Collected material:
^^^^^^^^^^^^^^^^
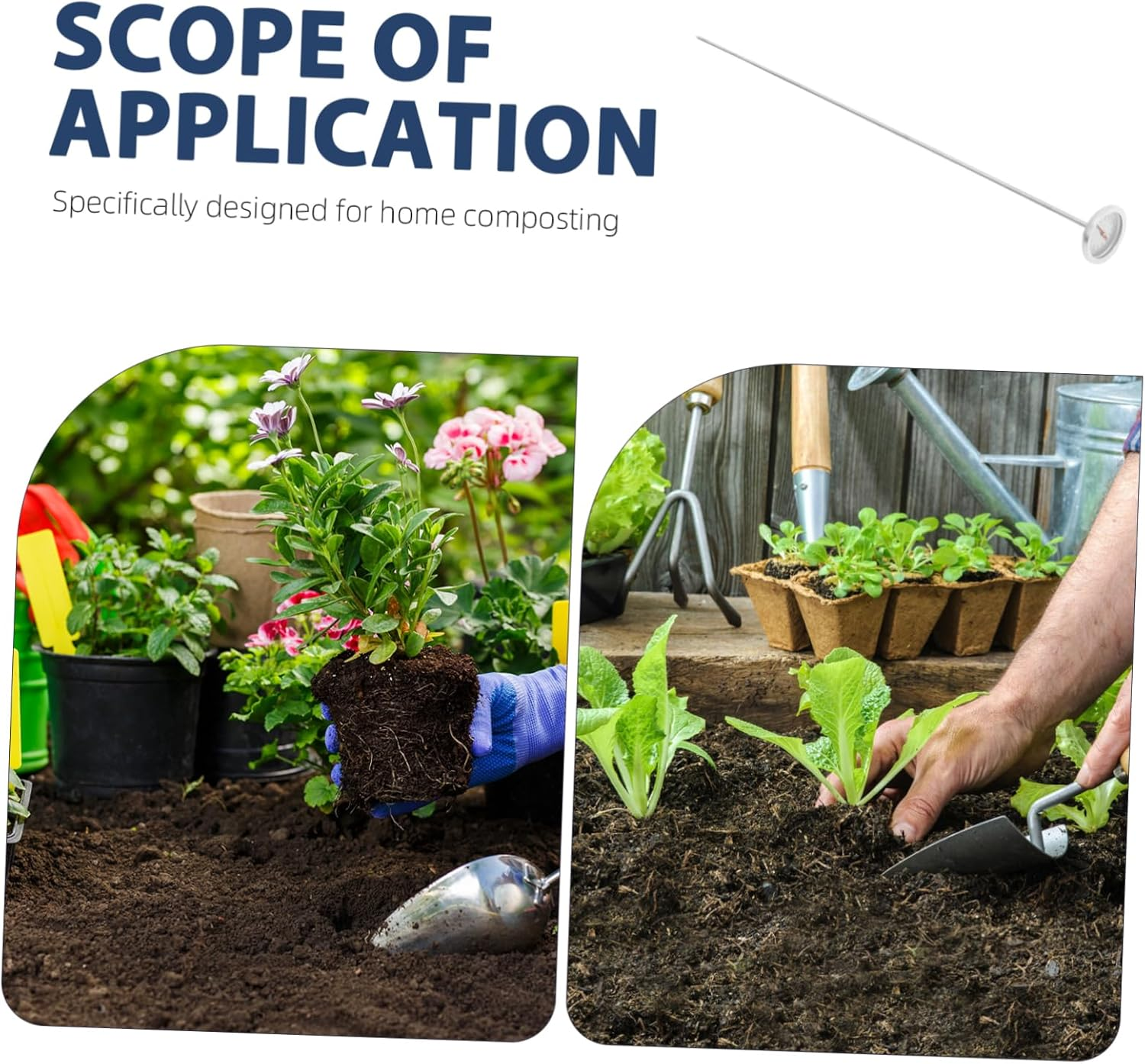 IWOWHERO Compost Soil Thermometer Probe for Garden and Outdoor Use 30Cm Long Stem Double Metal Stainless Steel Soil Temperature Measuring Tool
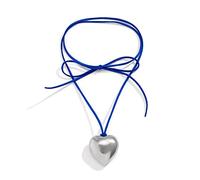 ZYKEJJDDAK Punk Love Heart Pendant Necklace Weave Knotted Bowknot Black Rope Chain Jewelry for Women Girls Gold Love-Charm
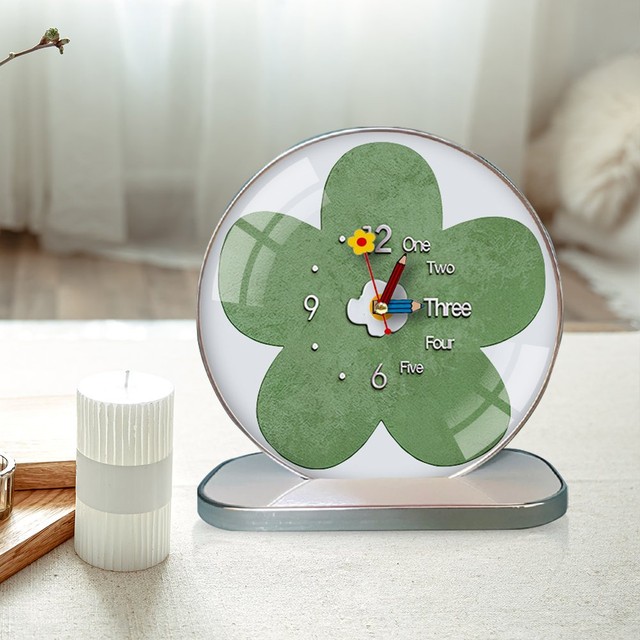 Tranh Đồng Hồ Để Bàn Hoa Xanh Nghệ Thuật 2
^^^^^^^^^^^^^^^^
Problem description:
Line for line, retype the material exactly, omitting any pictures.

Your solution:
 IWOWHERO Compost Soil Thermometer Probe for Garden and Outdoor Use 30Cm Long Stem Double Metal Stainless Steel Soil Temperature Measuring Tool
 ZYKEJJDDAK Punk Love Heart Pendant Necklace Weave Knotted Bowknot Black Rope Chain Jewelry for Women Girls Gold Love-Charm
 Tranh Đồng Hồ Để Bàn Hoa Xanh Nghệ Thuật 2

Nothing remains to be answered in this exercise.